*** LISTED RECORDS ***

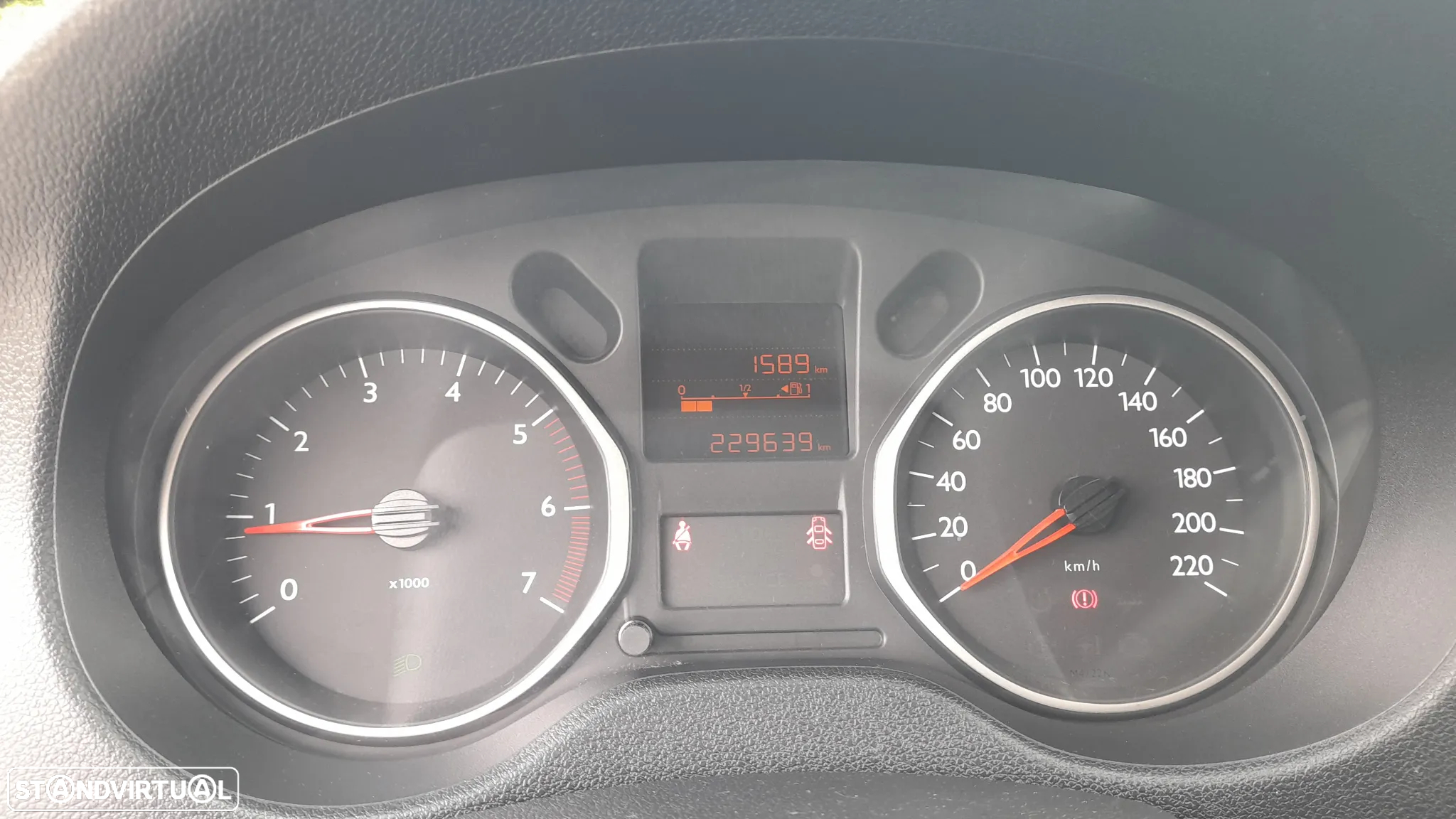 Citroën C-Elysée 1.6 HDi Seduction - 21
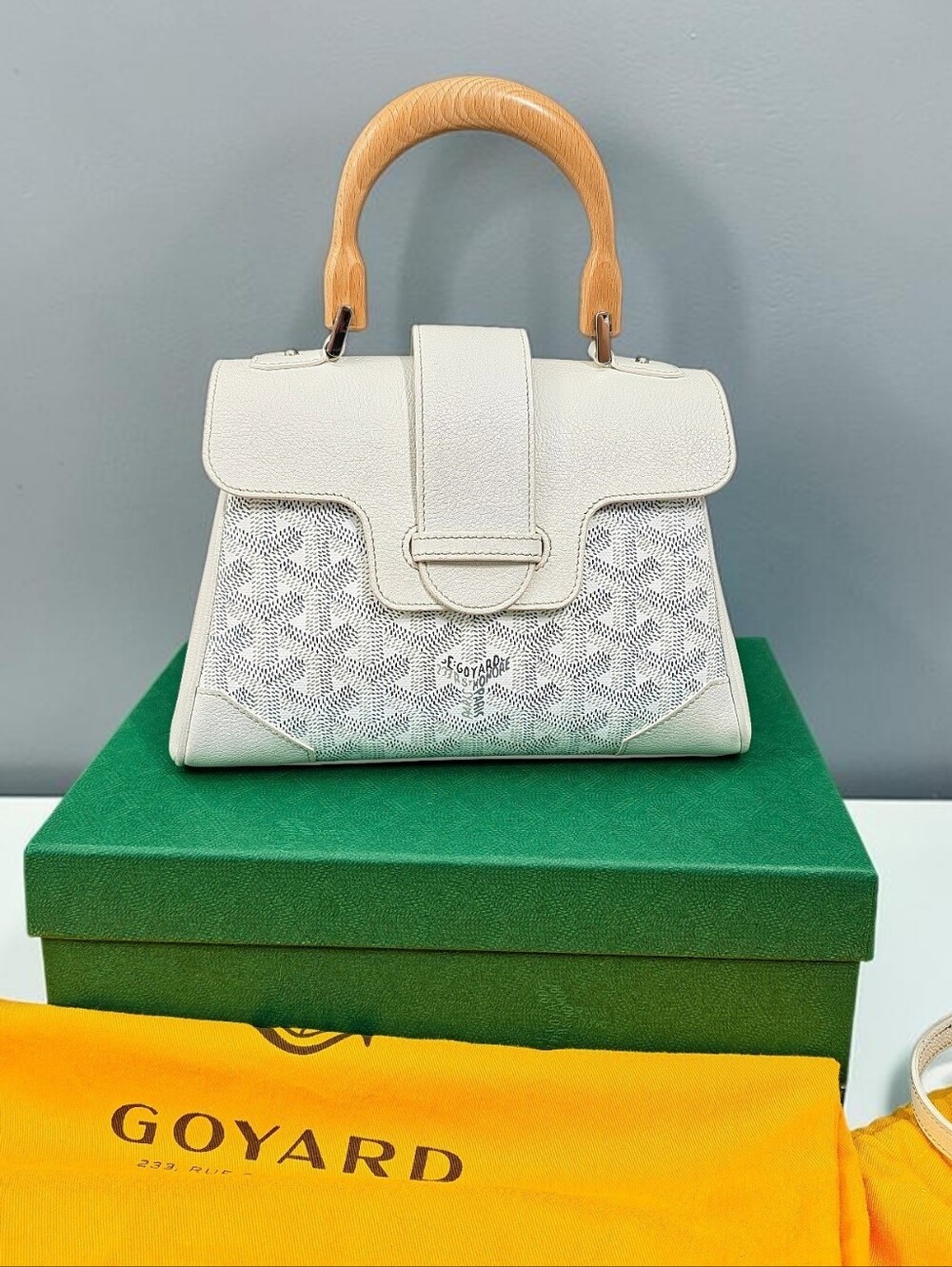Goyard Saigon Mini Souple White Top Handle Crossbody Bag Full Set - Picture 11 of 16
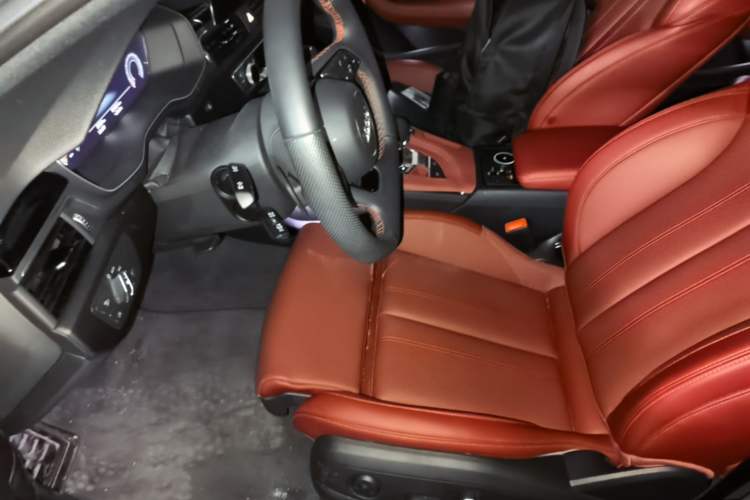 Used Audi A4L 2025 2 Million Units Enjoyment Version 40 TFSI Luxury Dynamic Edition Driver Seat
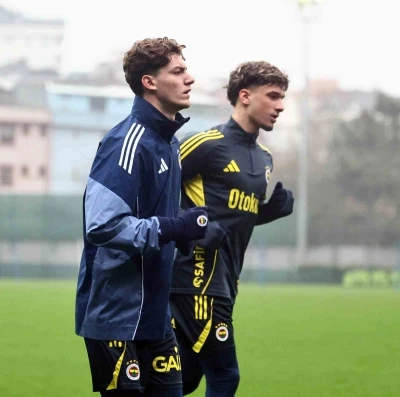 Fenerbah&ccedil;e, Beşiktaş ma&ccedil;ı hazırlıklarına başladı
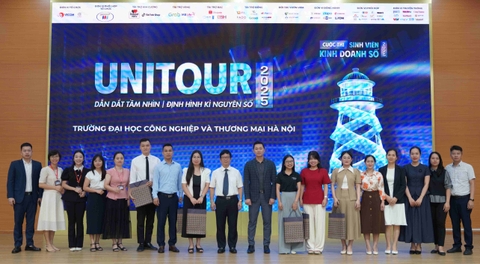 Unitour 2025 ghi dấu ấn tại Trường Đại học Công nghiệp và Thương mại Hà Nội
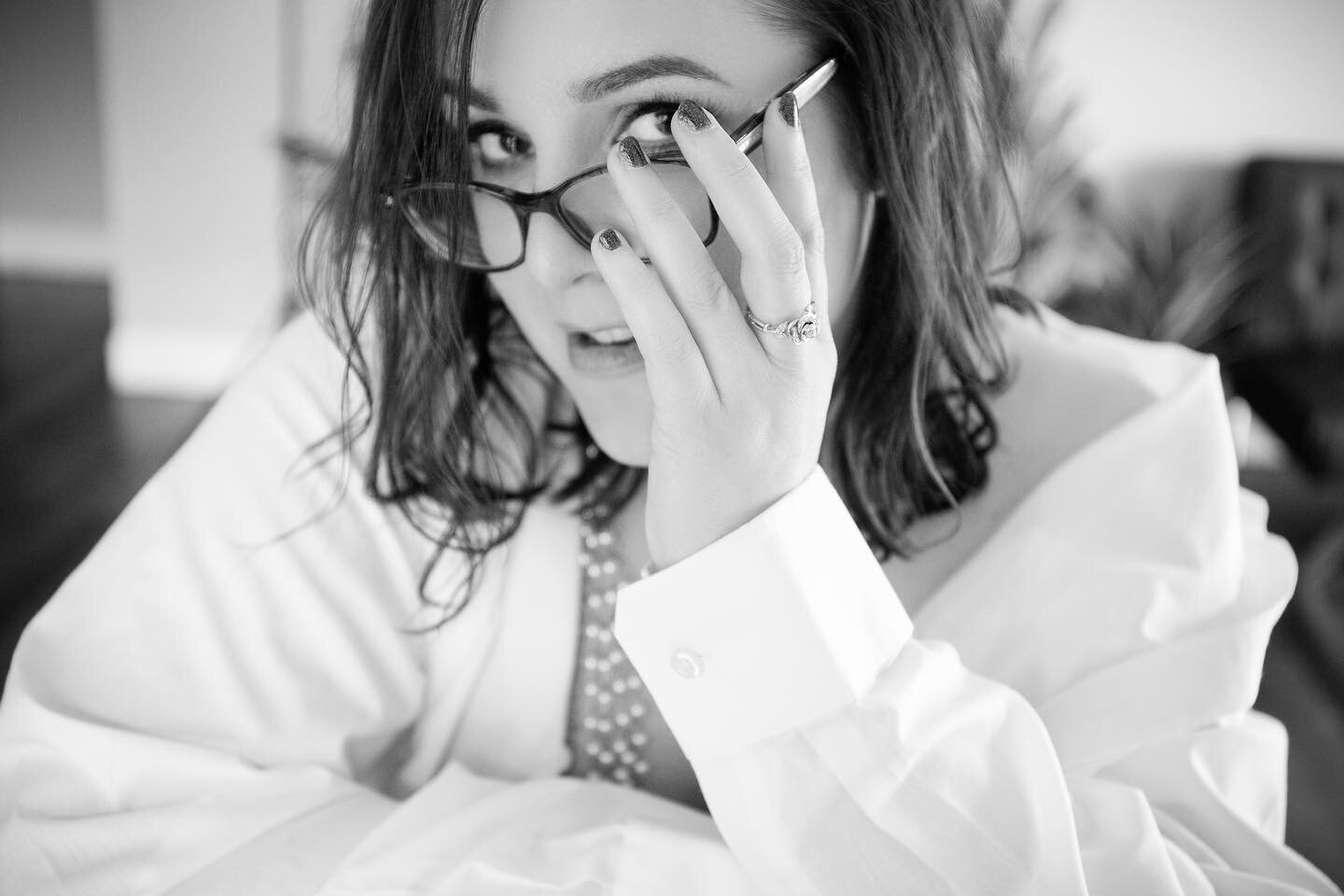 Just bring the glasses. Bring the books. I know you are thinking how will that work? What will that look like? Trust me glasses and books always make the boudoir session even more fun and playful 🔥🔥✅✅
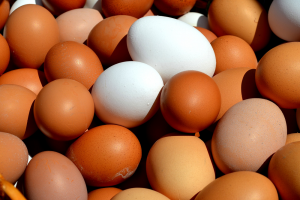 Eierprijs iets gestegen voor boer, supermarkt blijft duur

*** End of LISTED RECORDS ***

WHAT YOU HAVE TO DO
What is needed is an exact copy of the data, with the pictures removed.

ANSWER TO THIS PROBLEM
 Citroën C-Elysée 1.6 HDi Seduction - 21
Goyard Saigon Mini Souple White Top Handle Crossbody Bag Full Set - Picture 11 of 16
 Used Audi A4L 2025 2 Million Units Enjoyment Version 40 TFSI Luxury Dynamic Edition Driver Seat
 Fenerbah&ccedil;e, Beşiktaş ma&ccedil;ı hazırlıklarına başladı
 Unitour 2025 ghi dấu ấn tại Trường Đại học Công nghiệp và Thương mại Hà Nội
 Just bring the glasses. Bring the books. I know you are thinking how will that work? What will that look like? Trust me glasses and books always make the boudoir session even more fun and playful 🔥🔥✅✅
 Eierprijs iets gestegen voor boer, supermarkt blijft duur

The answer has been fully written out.